A Neuroscientist On The Benefits Of Essential Oils & How To Use Them
Aside from just smelling nice, essential oils have a myriad of physical and mental health benefits. So, when it comes to understanding how they work with the body—and how best to use them—who better to ask than a neuroscientist? We chatted with the author of The Source and neuroscientist Tara Swart, Ph.D., to find out how she likes to use essential oils and what makes them so effective. Here's what she had to say.

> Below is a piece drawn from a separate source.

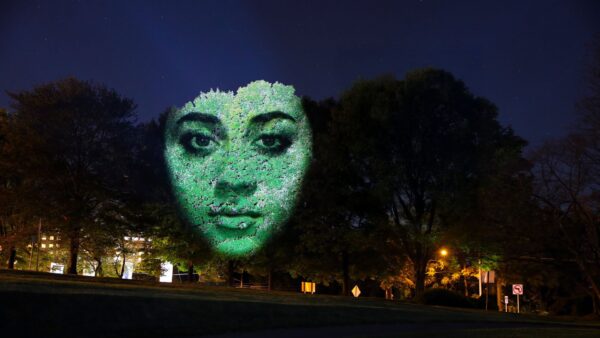 Large green face superimposed on nighttime suburban photo.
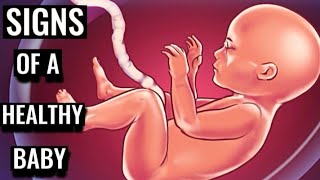 Signs of a healthy baby in the womb Pregnancy Babyinthewomb baby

How essential oils affect the brain.
Have you ever caught a whiff of something that brought you right back to your childhood? Or perhaps a smell you associated with being sick, and suddenly you felt nauseous? According to Swart, "Smell is actually the most emotive sense." The reason being: "the olfactory nerve [which controls scent], has a very short journey to where it connects with the limbic part of the brain—so it connects our memory and emotion really strongly," she says.
As such, "we can use smell to change our mood and mental state," she notes. Enter, essential oils. "I have all sorts of candles and diffusers and sleep sprays and things, but I'm obsessed with the therapeutic potency of essential oils," she adds.

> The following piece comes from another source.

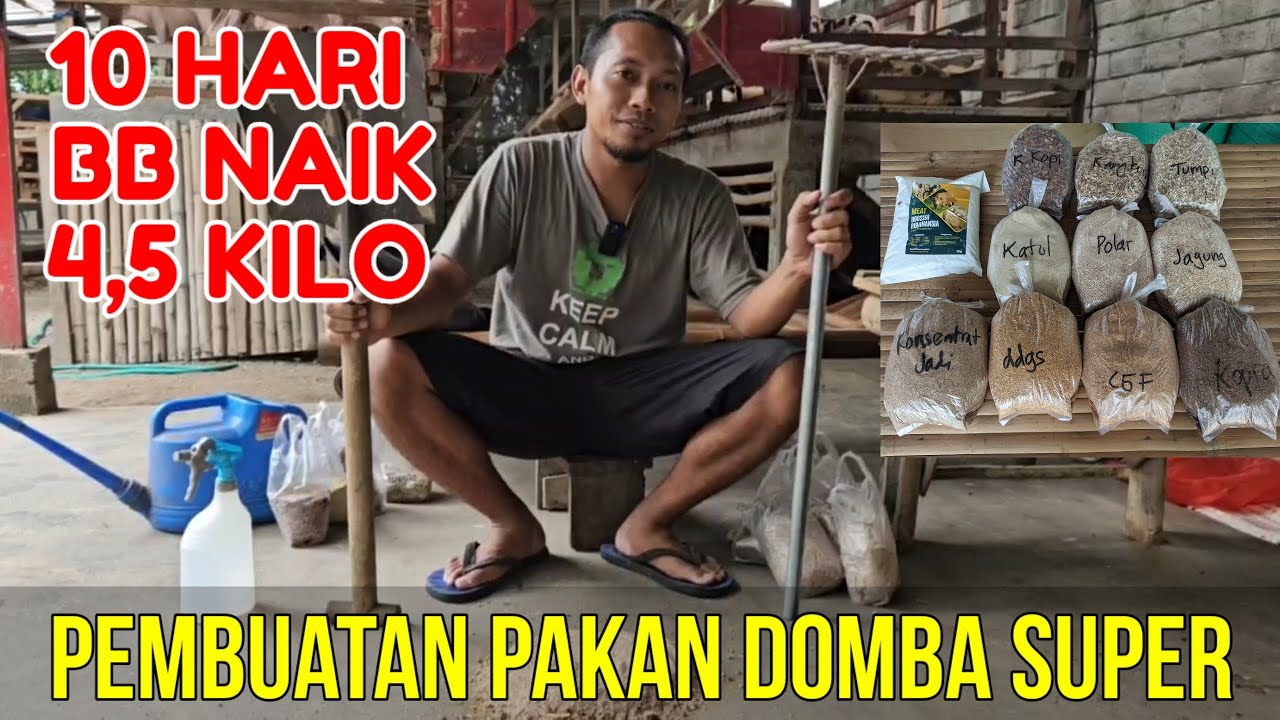 PEMBUATAN PAKAN DOMBA KERING YANG BAGUS AGAR DOMBA CEPAT GEMUK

And because smell is so personal, there may be smells that mean something to you or have a particular effect on you, Swart notes, "so it's really worth working out which smells work for you."

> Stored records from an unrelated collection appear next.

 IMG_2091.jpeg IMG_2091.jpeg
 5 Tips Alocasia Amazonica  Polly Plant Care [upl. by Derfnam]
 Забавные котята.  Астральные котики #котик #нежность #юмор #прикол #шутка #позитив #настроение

How Swart likes to use essential oils.
First, Swart notes it's important to get high-quality oils. Look for 100% pure, therapeutic-grade essential oils. "That guarantees it's got the potency of the aroma, where that essential oil is actually going to have an effect on your brain," she says.
She recommends diluting the oil in a carrier and then massaging it onto your skin, specifically to your major organs, "your lungs, your heart, your kidneys, your liver," she says. "Make it a sort of ritual [...] Maybe you've done some dry body brushing and then you massage the body with it," she adds.
Swart notes that some oils can also be incorporated into your bath or shower, but she prefers putting them on the body (again, diluted in a neutral carrier oil for safety—learn more about those here).
And as far as which scents she goes for, "Lavender is nature's strongest neuromodulator," she explains. "If you're feeling anxious, it can calm you down—and if you're feeling tired, then it can actually perk you up." (She's associated the smell of lavender with going to bed so strongly, it's now a big part of her jet-lag regimen.)
Swart is also fond of citrusy smells like grapefruit in the morning but adds overall, it's about "listening to your body and figuring out which smells you're attracted to."